# [Records supplied]
★ ★ ★

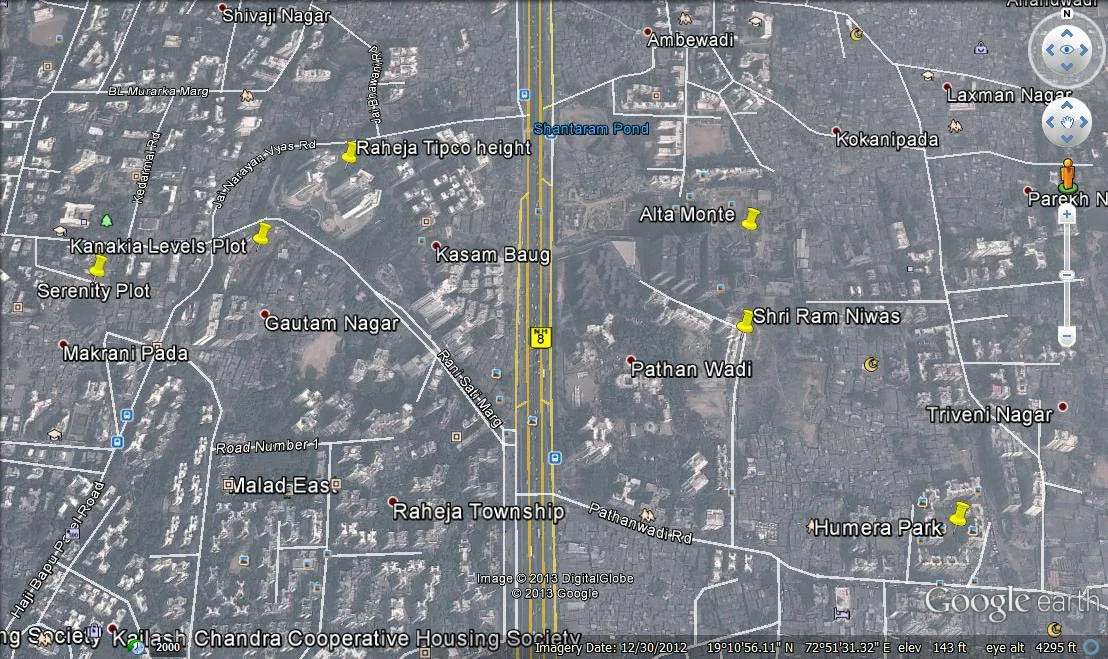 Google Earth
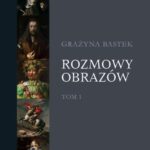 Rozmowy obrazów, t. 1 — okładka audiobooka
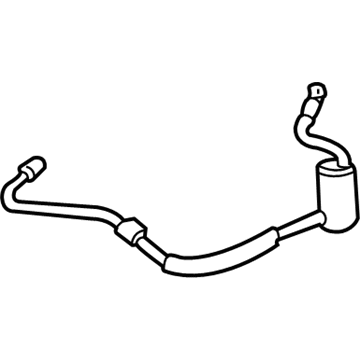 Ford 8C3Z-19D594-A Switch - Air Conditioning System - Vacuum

★ ★ ★

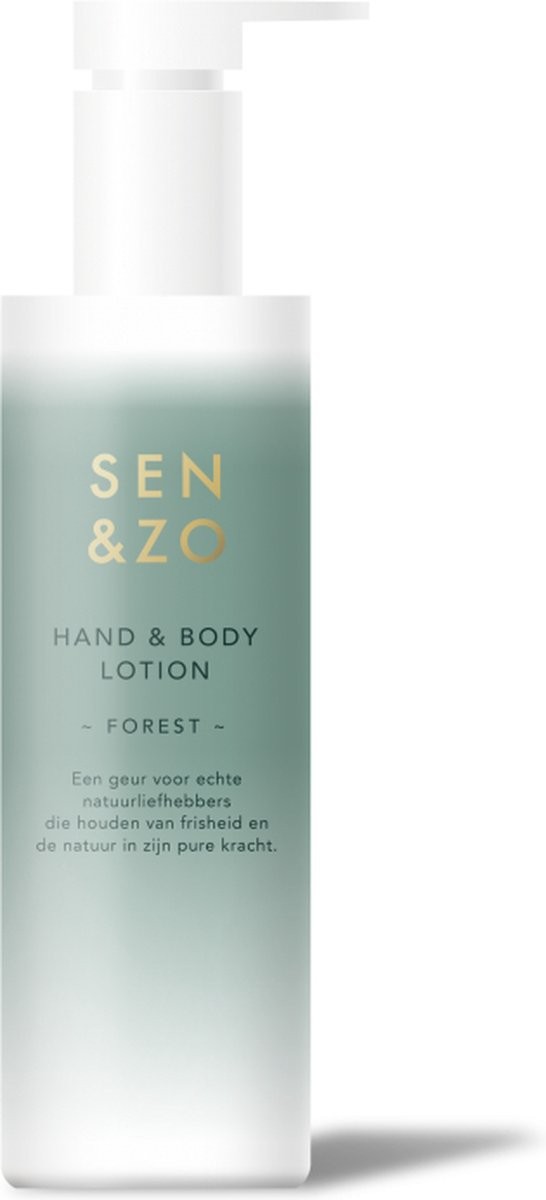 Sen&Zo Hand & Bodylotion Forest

★ ★ ★

# [Work to complete]
Please repeat the lines of the material above exactly, starting with the line that contains "Google Earth" and ending with the line that contains "Ford 8C3Z-19D594-A Switch". Leave the pictures out.

# [Exercise result]
 Google Earth
 Rozmowy obrazów, t. 1 — okładka audiobooka
 Ford 8C3Z-19D594-A Switch - Air Conditioning System - Vacuum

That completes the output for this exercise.